WHAT THIS TASK INVOLVES ->
Repeat the listing exactly, minus the pictures.

DATA SHOWN ->
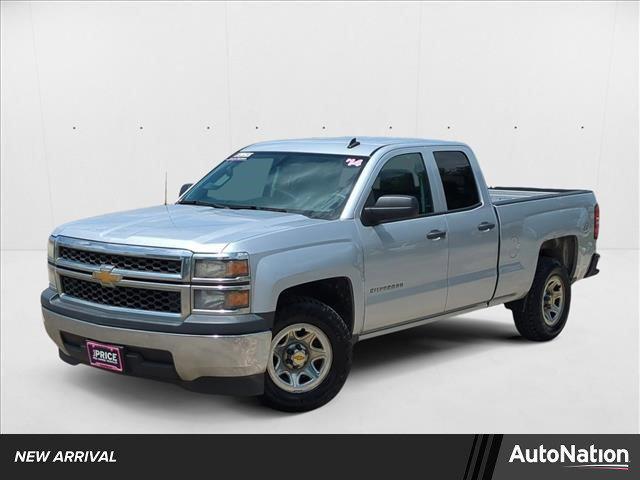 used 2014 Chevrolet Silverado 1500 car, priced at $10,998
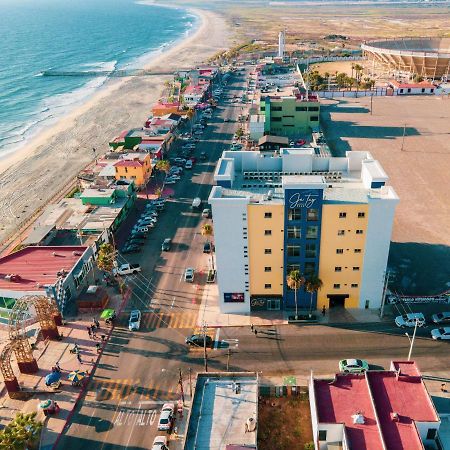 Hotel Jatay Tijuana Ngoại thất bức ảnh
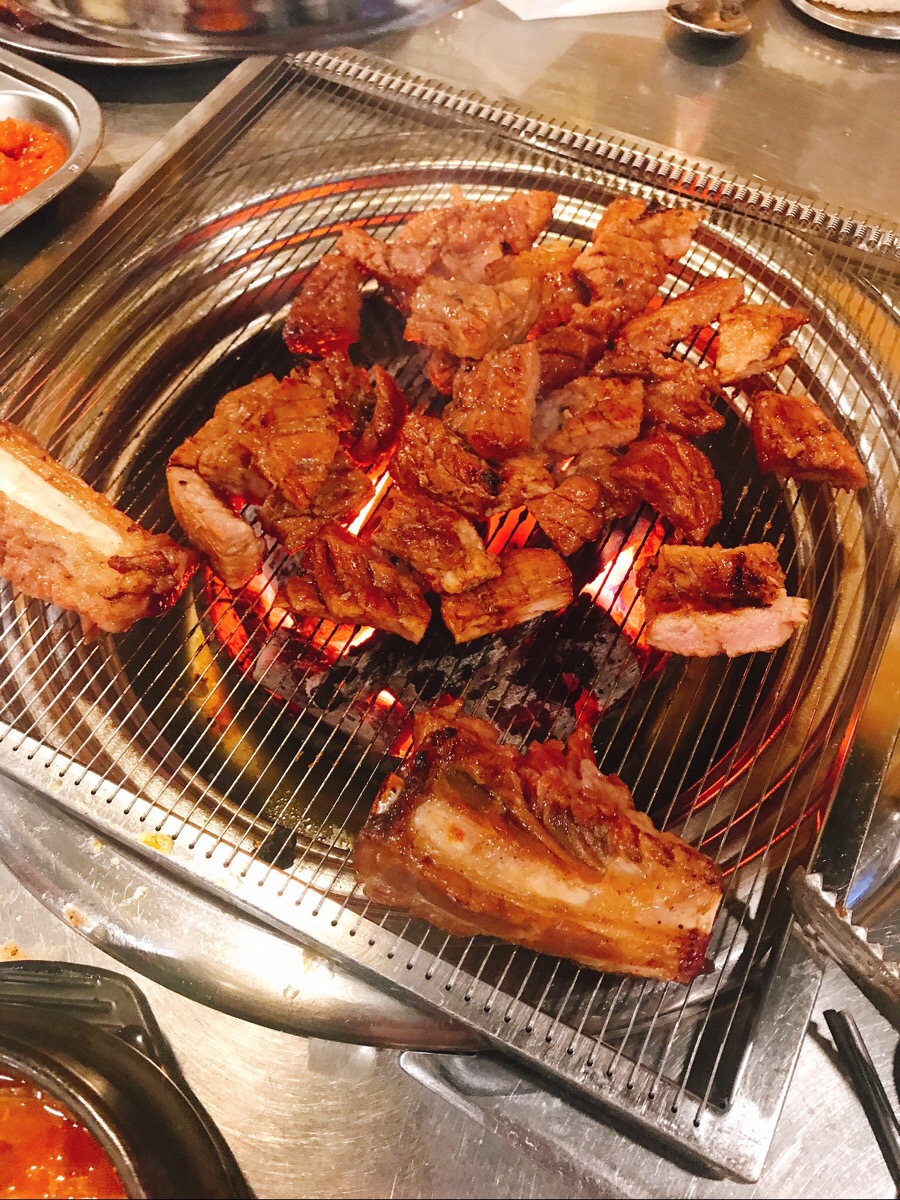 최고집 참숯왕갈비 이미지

ANSWER FOR THE TASK ->
 used 2014 Chevrolet Silverado 1500 car, priced at $10,998
 Hotel Jatay Tijuana Ngoại thất bức ảnh
 최고집 참숯왕갈비 이미지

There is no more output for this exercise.